*Material supplied:*
▽
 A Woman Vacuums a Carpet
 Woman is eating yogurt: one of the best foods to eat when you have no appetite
△
▽
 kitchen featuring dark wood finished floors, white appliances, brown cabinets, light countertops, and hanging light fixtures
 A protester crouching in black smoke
△
Once you have read through the entries above, state how many lines hold the word "Woman", giving nothing but the number.

2